And that subject wasn’t even wearing purple and gold.

Deron Williams? Carlos Boozer? Andrei Kirilenko?

None of the above. The darling of Monday’s crowd wasn’t even wearing a uniform, although, when he did, it had the Laker logo across the front.

It was Utah Jazz play-by-play broadcaster Hot Rod Hundley who was being saluted Monday night as called his last game, the team’s exit from the playoffs marking his own exit from behind the microphone. At 74, after broadcasting over 3,000 games across 35 seasons for the Jazz, Hundley is retiring.

No longer will Utah fans hear about players grabbing “the cowhide globe” for a “leapin' leaner” or a “yo-yo dribble.”

Hundley goes so far back, he was the voice of the team when it was the New Orleans Jazz, when the team name actually fit. Calling a Salt Lake City-based team the Jazz makes about as much sense as calling an L.A.-based team the Lakers.

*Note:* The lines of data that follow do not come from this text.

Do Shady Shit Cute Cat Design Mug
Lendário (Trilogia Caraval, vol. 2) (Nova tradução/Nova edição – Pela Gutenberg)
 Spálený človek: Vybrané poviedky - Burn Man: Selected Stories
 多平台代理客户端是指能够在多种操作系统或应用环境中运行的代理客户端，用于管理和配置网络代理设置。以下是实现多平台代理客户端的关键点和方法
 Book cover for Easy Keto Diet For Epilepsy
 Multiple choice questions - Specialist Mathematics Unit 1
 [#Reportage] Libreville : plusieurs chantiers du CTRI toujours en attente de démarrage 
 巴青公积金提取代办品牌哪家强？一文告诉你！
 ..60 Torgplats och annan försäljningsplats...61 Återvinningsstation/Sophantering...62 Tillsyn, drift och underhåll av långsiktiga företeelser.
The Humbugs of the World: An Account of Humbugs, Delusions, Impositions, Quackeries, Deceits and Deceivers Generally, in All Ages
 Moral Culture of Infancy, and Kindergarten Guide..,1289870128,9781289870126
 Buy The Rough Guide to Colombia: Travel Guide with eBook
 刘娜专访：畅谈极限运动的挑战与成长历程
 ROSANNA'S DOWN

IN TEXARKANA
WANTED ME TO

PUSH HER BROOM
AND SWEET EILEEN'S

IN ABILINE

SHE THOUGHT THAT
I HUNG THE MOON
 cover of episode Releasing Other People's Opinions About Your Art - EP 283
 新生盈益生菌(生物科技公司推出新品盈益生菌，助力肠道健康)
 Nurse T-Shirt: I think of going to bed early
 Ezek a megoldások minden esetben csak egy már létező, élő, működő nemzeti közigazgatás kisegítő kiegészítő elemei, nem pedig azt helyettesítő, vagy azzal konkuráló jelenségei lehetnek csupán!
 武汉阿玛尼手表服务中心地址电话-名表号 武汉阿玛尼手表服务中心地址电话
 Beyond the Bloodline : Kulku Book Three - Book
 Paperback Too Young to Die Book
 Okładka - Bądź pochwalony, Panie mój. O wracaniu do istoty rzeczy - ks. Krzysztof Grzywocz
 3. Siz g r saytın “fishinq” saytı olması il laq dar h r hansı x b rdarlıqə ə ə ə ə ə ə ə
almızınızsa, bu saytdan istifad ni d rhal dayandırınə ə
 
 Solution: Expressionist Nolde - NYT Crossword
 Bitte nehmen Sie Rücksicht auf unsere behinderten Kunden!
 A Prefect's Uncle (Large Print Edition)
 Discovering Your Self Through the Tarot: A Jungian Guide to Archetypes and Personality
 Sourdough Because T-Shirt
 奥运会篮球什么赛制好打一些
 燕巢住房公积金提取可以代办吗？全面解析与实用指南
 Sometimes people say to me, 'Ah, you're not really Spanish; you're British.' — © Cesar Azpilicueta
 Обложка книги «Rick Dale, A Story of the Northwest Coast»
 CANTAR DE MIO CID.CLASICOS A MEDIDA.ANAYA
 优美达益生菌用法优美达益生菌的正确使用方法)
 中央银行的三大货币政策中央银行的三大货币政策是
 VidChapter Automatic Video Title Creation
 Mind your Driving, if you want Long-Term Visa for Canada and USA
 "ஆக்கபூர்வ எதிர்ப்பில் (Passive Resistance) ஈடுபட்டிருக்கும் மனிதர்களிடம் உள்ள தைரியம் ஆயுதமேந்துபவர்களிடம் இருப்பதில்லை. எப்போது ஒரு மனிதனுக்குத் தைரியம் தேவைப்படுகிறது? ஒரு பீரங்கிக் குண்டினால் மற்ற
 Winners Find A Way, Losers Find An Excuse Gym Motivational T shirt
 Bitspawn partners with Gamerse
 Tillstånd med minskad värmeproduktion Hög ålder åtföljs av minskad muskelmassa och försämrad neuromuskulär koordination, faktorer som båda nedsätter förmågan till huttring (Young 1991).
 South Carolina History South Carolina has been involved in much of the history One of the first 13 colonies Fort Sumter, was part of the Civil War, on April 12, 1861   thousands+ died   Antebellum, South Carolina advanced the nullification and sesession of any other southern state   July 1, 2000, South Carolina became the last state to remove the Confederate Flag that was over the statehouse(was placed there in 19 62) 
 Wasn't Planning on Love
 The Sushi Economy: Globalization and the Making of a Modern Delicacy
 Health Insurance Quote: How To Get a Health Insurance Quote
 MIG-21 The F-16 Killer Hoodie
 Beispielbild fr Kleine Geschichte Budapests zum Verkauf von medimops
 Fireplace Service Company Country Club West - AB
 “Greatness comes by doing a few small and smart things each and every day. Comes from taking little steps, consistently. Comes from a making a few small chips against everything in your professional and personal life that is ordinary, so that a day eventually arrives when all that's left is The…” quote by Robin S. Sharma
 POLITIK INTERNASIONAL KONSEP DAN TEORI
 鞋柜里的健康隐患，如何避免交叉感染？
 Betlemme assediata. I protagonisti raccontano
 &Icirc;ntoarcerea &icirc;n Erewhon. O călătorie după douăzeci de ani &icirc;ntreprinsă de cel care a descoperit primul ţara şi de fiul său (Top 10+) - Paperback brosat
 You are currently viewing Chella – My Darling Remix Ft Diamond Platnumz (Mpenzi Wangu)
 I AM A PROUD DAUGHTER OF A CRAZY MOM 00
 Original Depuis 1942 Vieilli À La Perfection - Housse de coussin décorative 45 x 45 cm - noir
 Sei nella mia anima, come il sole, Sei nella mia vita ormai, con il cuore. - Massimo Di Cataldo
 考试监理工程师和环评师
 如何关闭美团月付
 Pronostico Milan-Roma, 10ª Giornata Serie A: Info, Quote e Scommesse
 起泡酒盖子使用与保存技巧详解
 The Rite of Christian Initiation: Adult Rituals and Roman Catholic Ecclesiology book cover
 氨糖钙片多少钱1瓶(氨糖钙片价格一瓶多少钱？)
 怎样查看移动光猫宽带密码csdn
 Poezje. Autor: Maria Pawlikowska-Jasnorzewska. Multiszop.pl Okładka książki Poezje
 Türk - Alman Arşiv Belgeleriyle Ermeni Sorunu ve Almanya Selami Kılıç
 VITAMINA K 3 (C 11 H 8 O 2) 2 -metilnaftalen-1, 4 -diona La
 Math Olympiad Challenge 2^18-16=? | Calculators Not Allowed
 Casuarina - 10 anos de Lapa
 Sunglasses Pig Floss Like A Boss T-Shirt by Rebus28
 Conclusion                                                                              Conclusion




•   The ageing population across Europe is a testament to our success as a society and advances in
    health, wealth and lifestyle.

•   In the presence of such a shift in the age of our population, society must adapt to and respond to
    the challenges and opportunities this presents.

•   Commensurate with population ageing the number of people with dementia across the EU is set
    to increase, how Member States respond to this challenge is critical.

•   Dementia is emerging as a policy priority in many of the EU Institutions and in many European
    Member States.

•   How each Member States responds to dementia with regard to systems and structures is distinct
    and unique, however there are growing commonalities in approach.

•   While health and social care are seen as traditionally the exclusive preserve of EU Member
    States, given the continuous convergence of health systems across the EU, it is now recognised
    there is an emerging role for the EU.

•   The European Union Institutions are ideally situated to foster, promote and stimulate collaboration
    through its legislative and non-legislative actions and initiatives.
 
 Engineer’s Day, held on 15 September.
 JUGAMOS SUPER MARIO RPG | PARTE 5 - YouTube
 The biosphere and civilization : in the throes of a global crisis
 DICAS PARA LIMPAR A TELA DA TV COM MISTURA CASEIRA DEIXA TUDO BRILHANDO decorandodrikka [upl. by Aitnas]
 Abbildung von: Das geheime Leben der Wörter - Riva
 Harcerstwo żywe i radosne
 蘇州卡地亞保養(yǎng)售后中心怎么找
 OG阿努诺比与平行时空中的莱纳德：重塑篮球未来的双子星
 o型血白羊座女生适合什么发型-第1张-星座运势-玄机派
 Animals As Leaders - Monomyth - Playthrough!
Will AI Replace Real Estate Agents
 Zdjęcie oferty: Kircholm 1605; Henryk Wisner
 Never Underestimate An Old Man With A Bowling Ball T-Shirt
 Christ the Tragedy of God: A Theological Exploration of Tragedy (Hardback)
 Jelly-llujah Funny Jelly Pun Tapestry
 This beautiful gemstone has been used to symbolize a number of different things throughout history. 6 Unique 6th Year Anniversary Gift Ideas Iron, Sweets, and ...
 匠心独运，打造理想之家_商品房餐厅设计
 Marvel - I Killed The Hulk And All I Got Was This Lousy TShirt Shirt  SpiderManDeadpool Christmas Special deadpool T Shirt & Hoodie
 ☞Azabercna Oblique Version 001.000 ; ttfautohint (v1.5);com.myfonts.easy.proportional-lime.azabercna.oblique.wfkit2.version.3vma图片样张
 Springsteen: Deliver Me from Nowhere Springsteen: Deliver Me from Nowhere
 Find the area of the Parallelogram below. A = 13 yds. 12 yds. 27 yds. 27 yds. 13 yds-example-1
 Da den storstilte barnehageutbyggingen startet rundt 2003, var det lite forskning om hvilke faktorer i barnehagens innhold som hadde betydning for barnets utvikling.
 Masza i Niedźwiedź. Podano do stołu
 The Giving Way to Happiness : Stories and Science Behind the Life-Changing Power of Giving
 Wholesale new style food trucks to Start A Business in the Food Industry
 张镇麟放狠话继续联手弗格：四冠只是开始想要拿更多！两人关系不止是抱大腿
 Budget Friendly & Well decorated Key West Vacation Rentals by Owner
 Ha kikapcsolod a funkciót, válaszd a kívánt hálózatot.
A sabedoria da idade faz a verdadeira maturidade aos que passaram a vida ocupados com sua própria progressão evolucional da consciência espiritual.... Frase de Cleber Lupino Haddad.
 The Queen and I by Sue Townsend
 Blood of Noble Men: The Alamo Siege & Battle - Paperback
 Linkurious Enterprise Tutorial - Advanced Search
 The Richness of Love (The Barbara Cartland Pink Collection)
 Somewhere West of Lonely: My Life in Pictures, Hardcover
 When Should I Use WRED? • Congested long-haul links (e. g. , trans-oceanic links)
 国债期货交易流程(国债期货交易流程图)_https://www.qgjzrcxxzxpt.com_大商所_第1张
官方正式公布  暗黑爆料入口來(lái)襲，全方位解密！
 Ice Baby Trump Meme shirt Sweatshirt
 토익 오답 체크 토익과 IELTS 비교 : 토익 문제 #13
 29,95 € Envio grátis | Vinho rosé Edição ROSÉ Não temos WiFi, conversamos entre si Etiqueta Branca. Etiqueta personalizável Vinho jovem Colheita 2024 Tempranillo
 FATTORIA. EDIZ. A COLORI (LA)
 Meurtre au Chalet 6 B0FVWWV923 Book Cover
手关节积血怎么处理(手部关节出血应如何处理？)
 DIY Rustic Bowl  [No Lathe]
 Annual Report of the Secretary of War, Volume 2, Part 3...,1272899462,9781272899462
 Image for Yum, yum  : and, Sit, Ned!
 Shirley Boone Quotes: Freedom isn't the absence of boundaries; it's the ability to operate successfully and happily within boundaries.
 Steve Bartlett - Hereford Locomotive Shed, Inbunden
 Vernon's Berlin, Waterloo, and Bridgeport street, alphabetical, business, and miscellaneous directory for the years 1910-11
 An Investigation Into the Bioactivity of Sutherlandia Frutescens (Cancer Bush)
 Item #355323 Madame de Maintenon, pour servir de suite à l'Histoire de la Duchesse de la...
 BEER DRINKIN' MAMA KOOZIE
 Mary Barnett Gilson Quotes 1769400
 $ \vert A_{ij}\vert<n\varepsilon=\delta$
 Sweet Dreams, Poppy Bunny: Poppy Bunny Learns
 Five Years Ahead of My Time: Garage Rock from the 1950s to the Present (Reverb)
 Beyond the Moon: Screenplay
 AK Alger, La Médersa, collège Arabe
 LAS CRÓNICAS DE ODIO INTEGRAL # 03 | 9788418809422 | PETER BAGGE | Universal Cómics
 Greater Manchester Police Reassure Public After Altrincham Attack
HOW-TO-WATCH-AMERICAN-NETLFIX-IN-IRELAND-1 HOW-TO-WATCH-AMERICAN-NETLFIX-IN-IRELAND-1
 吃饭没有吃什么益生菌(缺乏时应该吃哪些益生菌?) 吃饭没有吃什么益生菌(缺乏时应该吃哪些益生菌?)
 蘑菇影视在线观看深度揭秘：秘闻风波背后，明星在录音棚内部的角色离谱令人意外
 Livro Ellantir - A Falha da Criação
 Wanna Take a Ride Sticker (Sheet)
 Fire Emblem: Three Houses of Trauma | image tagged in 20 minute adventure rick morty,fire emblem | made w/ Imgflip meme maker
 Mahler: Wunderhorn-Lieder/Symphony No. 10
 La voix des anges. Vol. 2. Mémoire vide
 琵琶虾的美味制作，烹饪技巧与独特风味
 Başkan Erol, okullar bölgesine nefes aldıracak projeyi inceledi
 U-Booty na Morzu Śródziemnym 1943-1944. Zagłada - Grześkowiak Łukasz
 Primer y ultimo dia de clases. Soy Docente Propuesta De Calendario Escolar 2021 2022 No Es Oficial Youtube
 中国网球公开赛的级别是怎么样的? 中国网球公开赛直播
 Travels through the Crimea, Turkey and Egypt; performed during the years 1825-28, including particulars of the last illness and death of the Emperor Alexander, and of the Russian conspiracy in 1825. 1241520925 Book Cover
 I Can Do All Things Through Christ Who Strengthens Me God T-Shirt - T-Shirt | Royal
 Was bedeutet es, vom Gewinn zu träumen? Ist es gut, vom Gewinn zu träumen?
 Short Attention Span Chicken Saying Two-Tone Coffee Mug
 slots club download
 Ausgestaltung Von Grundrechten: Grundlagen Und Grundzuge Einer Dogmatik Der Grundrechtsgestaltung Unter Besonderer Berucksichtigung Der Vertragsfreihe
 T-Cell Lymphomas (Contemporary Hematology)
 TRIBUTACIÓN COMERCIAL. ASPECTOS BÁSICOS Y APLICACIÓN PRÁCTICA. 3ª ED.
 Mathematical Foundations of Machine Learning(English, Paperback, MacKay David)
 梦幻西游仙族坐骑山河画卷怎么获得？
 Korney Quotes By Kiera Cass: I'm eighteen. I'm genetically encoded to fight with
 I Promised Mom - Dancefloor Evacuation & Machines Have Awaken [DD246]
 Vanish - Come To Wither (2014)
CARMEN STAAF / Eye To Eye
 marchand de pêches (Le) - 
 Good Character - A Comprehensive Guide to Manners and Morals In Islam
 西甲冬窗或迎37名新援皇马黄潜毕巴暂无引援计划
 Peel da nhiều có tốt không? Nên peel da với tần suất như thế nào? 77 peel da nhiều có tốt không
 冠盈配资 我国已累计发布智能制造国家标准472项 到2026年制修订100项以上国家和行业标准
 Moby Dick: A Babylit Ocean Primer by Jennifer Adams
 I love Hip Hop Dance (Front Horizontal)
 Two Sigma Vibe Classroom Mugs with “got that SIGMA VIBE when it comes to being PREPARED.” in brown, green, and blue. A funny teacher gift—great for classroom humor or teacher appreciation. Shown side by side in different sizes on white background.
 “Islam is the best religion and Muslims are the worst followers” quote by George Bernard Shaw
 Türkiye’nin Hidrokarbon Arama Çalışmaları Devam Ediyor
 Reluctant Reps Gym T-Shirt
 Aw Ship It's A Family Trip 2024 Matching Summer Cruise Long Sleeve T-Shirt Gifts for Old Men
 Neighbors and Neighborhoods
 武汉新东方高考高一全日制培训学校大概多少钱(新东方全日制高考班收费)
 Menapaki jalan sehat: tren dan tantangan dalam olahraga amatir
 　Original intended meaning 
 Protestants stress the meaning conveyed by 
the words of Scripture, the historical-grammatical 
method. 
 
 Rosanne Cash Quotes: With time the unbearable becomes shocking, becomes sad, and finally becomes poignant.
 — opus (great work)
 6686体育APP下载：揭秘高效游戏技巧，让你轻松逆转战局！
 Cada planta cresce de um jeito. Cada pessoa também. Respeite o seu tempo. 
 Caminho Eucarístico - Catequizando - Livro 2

Come to think of it, the Salt Lake City Lakers and Los Angeles Jazz would make a lot more sense.

But, I digress.

Monday night’s Staples Center crowd wasn’t just being kind to a visiting team’s announcer. Those with long enough memories were applauding a man who is very much a part of Laker lore, who was a member of the crew that first introduced pro basketball to L.A.

Before New Orleans, before Salt Lake City, before a stint as a Phoenix Suns broadcaster, even before he served as Laker announcer Chick Hearn’s sidekick, Hundley played the game. And played it reasonably well.

Not at the level of a Jerry West. Or an Elgin Baylor.

But coming out of West Virginia, Hundley was good enough to be the first pick in the NBA draft in 1957, long before the word lottery had ever been associated with a basketball.

He was selected by the then-Cincinnati Royals, who traded Hundley’s draft rights to the then-Minneapolis Lakers. It became a perfect fit a few years later when West, another West Virginia product, joined the team as did West Virginia’s coach, Fred Schaus.

All that and the bright lights of Hollywood as well. Hundley became as familiar a figure on the club scene as he was on the court.

A slick ballhandler and crowd-pleasing entertainer, Hundley often flashed the acerbic wit and attractive charm that would later serve him so well behind the microphone.

On the night at New York’s Madison Square Garden when Baylor scored a then-league record 71 points, Hundley added two more.

As the pair jumped into a taxi after the game, Hundley told the driver, “Be careful. You’ve got 73 points in this cab.”

After Frank Selvy missed a 15-foot jump shot in the closing seconds of regulation play in the seventh game of the 1962 NBA Finals between the Lakers and the Boston Celtics, the Lakers went on to lose in overtime.

“It could happen to anybody,” Hundley told Selvy afterward. “Don’t worry, baby. You only cost us about $30,000.”

About three million in today’s dollars.

For decades after that, Hundley would periodically call Selvy when he knew his former teammate wasn’t home, in order to leave a simple biting message on Selvy’s answering machine: “Nice shot.”

Hundley was the first former player to be inducted into the writer/broadcaster wing of basketball’s Hall of Fame.

He never had the ballhandling skills of a John Stockton or the size and strength of a Karl Malone. But for Jazz fans, Rod Hundley will be missed every bit as much.